A recent exercise with Waimakariri District Council achieved both objectives.

Jolanda Simon, Chief Information Officer, says Kestrel has been working with the Council for two years on business impact assessments, analysis and business continuity planning.

“Once we’d done that work we really needed to test it too – it’s no good just having the plan. It was a no brainer to get Kestrel in to run the exercise. Everyone had loved what they were doing.”

Council building evacuation

The scenario Kestrel devised was a fire in the old server room ceiling that had spread through the ceiling cavity.  Fire alarms were activated and all staff (300 of them) were evacuated.

Jolanda says after the evacuation most staff went back to their work stations and carried on.

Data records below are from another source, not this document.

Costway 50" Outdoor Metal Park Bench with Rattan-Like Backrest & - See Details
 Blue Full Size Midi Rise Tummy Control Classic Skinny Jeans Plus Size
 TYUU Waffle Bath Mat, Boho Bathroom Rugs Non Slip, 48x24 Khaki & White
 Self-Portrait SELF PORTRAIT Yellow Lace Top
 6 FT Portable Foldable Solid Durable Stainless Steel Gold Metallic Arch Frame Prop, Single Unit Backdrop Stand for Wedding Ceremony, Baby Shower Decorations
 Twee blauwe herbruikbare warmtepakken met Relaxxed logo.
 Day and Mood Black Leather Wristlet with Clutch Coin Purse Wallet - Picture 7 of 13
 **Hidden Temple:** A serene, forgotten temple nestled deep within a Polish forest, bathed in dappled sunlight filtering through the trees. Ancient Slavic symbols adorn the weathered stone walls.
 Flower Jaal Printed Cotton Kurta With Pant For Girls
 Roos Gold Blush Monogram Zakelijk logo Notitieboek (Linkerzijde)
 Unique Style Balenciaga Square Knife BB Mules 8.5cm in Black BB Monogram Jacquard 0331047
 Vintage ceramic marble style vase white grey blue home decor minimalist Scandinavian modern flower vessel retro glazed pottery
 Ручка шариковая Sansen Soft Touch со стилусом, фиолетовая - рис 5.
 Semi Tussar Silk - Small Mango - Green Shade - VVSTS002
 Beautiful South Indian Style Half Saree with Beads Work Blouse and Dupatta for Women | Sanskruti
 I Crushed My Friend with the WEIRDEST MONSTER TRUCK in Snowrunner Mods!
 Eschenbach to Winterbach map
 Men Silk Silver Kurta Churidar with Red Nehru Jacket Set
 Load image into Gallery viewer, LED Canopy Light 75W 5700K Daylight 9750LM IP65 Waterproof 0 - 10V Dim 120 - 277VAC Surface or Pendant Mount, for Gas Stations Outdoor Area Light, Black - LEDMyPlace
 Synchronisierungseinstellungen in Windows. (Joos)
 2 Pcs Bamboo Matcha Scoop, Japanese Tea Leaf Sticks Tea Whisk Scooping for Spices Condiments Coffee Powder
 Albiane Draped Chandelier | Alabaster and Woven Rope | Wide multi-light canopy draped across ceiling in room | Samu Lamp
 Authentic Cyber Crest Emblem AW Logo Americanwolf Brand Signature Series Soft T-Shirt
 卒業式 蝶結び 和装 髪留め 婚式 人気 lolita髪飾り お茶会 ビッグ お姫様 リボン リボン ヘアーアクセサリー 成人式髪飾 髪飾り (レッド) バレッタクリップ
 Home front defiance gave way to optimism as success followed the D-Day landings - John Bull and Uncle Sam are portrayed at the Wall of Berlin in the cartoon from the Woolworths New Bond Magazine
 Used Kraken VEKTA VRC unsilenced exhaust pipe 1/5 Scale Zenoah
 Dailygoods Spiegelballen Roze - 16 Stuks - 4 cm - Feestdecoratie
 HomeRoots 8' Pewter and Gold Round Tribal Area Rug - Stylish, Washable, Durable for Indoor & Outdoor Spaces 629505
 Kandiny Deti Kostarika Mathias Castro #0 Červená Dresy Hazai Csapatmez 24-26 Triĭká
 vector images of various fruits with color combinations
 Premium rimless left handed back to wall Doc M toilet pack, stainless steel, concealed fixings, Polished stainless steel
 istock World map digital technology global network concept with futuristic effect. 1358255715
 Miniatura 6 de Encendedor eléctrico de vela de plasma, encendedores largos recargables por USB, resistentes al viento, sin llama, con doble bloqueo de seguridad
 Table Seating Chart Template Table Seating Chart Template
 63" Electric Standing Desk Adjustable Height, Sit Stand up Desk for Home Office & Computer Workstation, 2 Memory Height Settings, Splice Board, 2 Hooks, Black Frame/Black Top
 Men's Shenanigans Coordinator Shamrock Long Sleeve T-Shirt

“The evacuation was really no different from our regular fire drills. We didn’t want to disrupt our customers, they are the most important thing to us, so we needed things like the library and front desk to still be operating.”

The majority of staff went back to work after the evacuation was completed while designated staff from different business units relocated to the Council’s alternate location to carry on with the exercise.

Two groups were formed with one focusing on business continuity and the other on crisis management.

Jolanda says the exercise highlighted some areas the business hadn’t considered previously.

Highlighted issues

“We’ve just finalised a project moving our servers to Infrastructure as a Service (IasS), which means our servers are now located in a data centre in Christchurch. In this scenario, with a fire in our main building, we were able to continue to access our information and files. But it highlighted the need for us to consider the same with our phone system that’s currently located on our premises. A fire like this would mean all the phones would go down demonstrating the need to look at a cloud-based solution for our phones.

“We also identified the need to have access to computers outside of our main building.  Although we can still access all our computer files, if fire destroys all our computers, we need access to a ready supply of PCs somewhere outside of the building. This is something we can pre-plan for.”

The exercise also highlighted the need to look at other alternate locations and to identify which Council services need to be back up and running as quickly as possible, and which ones can wait a day or two.

“Feedback from the exercise was really positive, the management team and Chief Executive were rapt with how it went. It was worthwhile getting external eyes on it.

“Kestrel can ask the hard questions of our staff. They also have a really good understanding of local government, they know what works and they know what to suggest,” says Jolanda.